Closed gitonthescene closed 6 months ago
The issue looks like the record command is struggling to process the messages being captured by the agent.
Failed to handle notification "message/text": MessageText(text='Content-Length:
162\r\n\r\n{"jsonrpc":"2.0","method":"textDocument/semanticTokens/full","params":{"textDocument":{"uri":"file:///Users/XXXX/K/ngnk/ng
nk-lsp/unitest.k"}},"id":27}\n', timestamp=1709523564.392576, session='df629c07-61ae-43a1-817d-d3ce5d44830b', source='client')
Traceback (most recent call last):
...
raise JSONDecodeError("Extra data", s, end)
json.decoder.JSONDecodeError: Extra data: line 2 column 1 (char 192)
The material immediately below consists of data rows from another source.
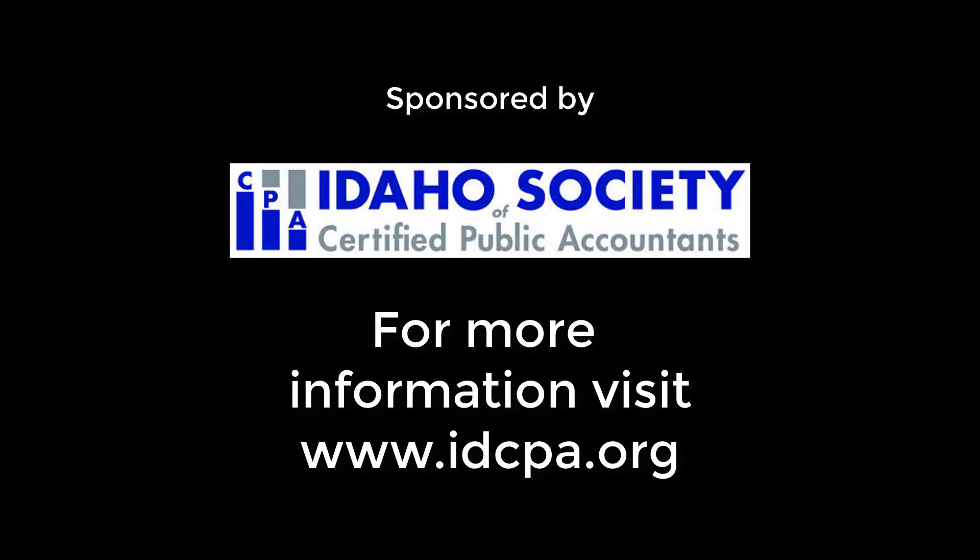So that was nice and easy, a short little video. I hope you find it helpful, and I hope to see you on a future Office 365 Tips and Tricks video. Thanks, and have a great day.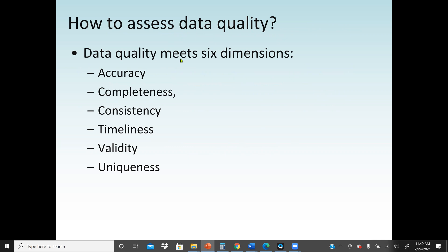Now, how do we assess data quality? These are the data quality attributes — or in this case, the dimensions. There are six of them: we have to make sure data has accuracy, completeness, consistency, timeliness, validity, and uniqueness. Especially if we store data in a database system, we don't want the same data repeated thousands of times. If any data fulfills these six dimensions at a very good level, then we have high quality data.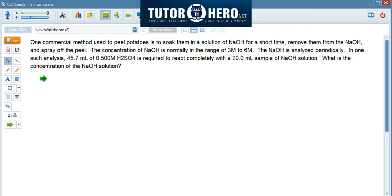So, you have sodium hydroxide plus hydrogen sulfide, and that reacts to form water and sodium sulfide.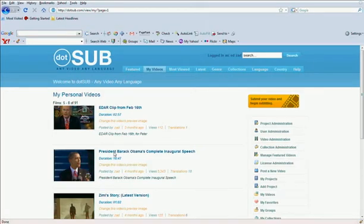Welcome to .sub. In this tutorial, we're going to show you how to translate a video and create subtitles using .sub.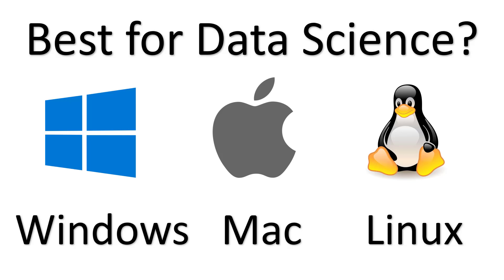Today we're going to look at the best operating systems to use for data science in 2020. This includes some major potentially game-changing announcements which have just been announced within the last month. We're also going to go over a few important things typically not talked about in data science.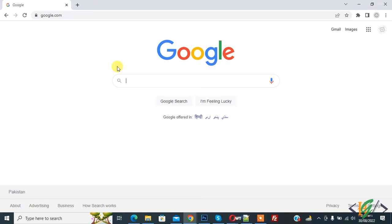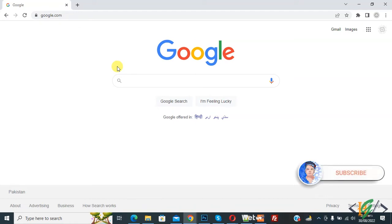Bismillah ar-Rahman ar-Rahim. Assalamu alaikum, my name is Hassan and today we are going to pick or find the color of any web page through a Google Chrome extension. Before starting work, it's my request please subscribe to my channel. Thank you. Now back to our work.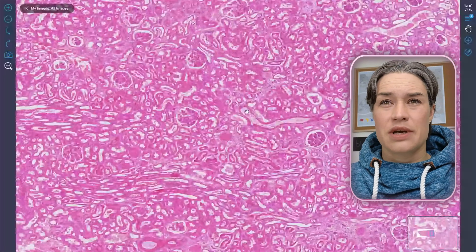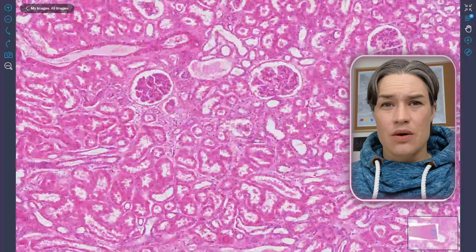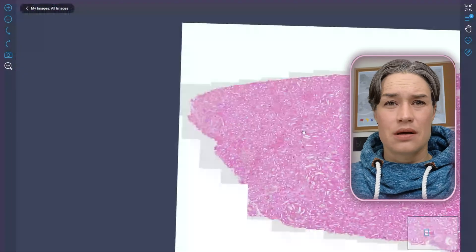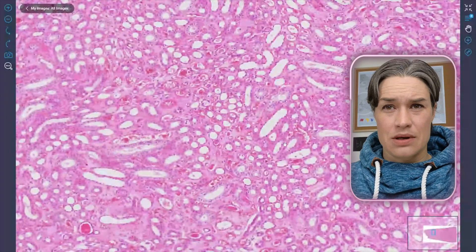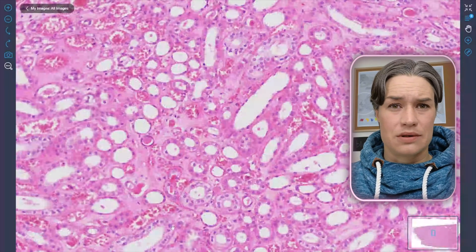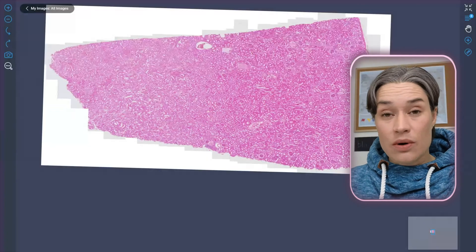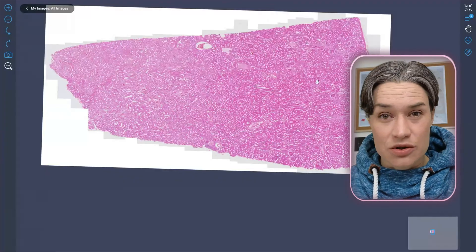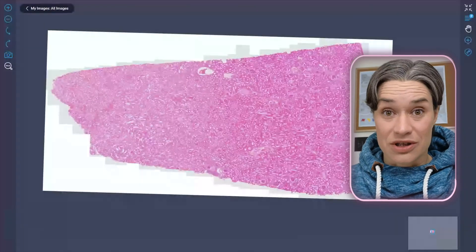In the cortex, we have glomeruli and tubules, whereas in the medulla we only have tubules. These structures are the tubules — this is a beautiful tubule. Cortex and medulla together create the renal pyramid, and here we even have a pyramidal section. Although we don't have all the anatomical structures of the kidney here, we have all the histological structures.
What seems suspicious is the newline at the end of the MessageText
payload, I would normally expect the text to end at the final }
character...
Content-Length: 162\r\n\r\n{"jsonrpc":"2.0","method":"textDocument/semanticTokens/full","params":{"textDocument":{"uri":"file:///Users/XXXX/K/ngnk/ngnk-lsp/unitest.k"}},"id":27}\n
However that on its own isn't enough to trigger the error... but if I add some extra text I can reproduce it
>>> json.loads('{"jsonrpc":"2.0","method":"textDocument/semanticTokens/full","params":{"textDocument":{"uri":"file:///Users/XXXX/K/ngnk/ngnk-lsp/unitest.k"}},"id":27}\nContent-Length: ')
Traceback (most recent call last):
File "<stdin>", line 1, in <module>
File "/usr/lib64/python3.12/json/__init__.py", line 346, in loads
return _default_decoder.decode(s)
^^^^^^^^^^^^^^^^^^^^^^^^^^
File "/usr/lib64/python3.12/json/decoder.py", line 340, in decode
raise JSONDecodeError("Extra data", s, end)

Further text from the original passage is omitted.